Trip distribution modeling with Twitter data

https://doi.org/10.1016/j.compenvurbsys.2019.101354Get rights and content

Highlights

  • Traditional and social media data are integrated to predict commuting trip distribution.

  • The predictive performance of the traditional gravity model and ML techniques is evaluated.

  • The potential of Twitter data in trip distribution modeling at fine spatial scale is explored.

  • The most significant predictor variables are determined.

Abstract

Integrating both traditional and social media data, this study compares the performance of gravity, neural network, and random forest models of commuting trip distribution in New York City. Trip distribution modeling has primarily employed traditional data sources and classical methods such as the gravity. However, with the emergence of social media during the past decade, the potential for integrating traditional and social media data while utilizing new techniques has been identified.
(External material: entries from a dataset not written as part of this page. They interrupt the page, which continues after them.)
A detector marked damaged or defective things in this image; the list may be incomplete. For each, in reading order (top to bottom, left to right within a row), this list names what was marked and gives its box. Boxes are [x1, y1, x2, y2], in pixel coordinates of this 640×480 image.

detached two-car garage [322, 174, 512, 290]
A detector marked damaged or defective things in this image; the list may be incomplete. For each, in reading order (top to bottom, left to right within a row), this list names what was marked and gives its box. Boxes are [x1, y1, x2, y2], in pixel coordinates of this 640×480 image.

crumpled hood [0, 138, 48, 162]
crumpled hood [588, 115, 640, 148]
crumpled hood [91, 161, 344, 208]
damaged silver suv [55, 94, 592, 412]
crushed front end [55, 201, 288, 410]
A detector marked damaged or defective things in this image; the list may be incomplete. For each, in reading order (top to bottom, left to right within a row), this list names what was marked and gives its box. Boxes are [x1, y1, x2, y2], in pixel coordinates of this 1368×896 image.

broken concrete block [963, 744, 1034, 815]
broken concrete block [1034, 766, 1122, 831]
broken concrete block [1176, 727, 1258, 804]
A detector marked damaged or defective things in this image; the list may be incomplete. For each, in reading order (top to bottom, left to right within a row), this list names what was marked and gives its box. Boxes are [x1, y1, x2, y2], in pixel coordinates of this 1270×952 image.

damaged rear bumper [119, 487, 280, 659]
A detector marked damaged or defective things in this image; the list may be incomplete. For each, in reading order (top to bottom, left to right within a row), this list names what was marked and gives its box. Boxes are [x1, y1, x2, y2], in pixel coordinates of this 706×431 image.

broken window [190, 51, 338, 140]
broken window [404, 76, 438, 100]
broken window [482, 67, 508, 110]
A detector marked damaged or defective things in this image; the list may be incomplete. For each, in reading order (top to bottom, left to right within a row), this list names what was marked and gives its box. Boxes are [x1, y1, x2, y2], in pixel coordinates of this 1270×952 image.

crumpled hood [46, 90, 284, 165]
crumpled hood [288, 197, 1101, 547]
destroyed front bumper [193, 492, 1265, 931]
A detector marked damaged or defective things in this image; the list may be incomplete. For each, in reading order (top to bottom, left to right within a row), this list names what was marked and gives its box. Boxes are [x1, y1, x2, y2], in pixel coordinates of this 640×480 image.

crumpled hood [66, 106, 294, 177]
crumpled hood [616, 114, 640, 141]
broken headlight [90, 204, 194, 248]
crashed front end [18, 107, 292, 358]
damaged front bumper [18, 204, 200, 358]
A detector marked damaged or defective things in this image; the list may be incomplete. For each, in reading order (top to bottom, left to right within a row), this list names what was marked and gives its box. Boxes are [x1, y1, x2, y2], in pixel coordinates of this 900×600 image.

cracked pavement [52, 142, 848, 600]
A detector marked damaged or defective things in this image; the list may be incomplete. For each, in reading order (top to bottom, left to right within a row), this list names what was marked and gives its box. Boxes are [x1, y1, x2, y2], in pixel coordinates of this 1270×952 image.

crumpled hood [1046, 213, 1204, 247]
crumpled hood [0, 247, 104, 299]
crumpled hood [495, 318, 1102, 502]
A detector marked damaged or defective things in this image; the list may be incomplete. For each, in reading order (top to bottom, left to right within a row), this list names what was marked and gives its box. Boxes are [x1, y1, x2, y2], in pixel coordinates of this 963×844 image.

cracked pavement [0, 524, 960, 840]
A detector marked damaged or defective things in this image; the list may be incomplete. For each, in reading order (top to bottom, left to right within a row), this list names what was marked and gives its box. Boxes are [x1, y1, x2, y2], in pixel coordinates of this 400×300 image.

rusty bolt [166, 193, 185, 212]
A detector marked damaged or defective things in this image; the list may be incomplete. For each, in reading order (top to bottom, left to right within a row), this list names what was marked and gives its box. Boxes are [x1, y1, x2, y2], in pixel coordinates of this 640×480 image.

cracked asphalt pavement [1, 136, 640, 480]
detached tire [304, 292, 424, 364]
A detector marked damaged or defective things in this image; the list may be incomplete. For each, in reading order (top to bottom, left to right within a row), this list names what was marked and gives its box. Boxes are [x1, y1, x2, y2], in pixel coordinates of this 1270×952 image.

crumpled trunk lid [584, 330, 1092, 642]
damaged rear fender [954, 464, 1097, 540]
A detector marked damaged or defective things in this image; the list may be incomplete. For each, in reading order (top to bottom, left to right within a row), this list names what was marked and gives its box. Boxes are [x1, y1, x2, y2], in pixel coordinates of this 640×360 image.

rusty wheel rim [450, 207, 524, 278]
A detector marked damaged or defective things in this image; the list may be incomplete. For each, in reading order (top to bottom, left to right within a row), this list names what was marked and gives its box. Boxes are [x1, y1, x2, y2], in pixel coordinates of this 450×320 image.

Our findings indicate that the random forest model outperforms the traditional gravity and neural network models. Population, distance, number of Twitter users, and employment were identified as the four most influential predictors of trip distibution by the random forest model. While Twitter flows did not enhance the models' performance, the importance of the number of Twitter users at work destinations implies the potential for using social media data in travel demand modeling to improve the predictive power and accuracy.

Introduction

Worldwide increases in traffic congestion and air pollution in urban areas presents a need to better understand mobility patterns of urban populations and their travel demands (Shirzadi Babakan, Alimohammadi, & Taleai, 2015; Yang, 2013). A number of studies have examined either individual or collective mobility patterns at different spatial scales (i.e., Beiró, Panisson, Tizzoni, & Cattuto, 2016; González, Hidalgo, & Barabási, 2008; Hawelka et al., 2014). Mobility information of individuals can be aggregated to study the frequency of travel between different regions, as represented by origin-destination (OD) matrices (Barbosa et al., 2018). An OD matrix provides population flow patterns (trip distribution) studied for diverse purposes such as traffic forecasting, resource allocation, prediction of migration flows, and epidemic spreading (Beiró et al., 2016; Pourebrahim, Sultana, Thill, & Mohanty, 2018). Therefore, improving flow estimations has become critical across various domains of application (Barbosa et al., 2018).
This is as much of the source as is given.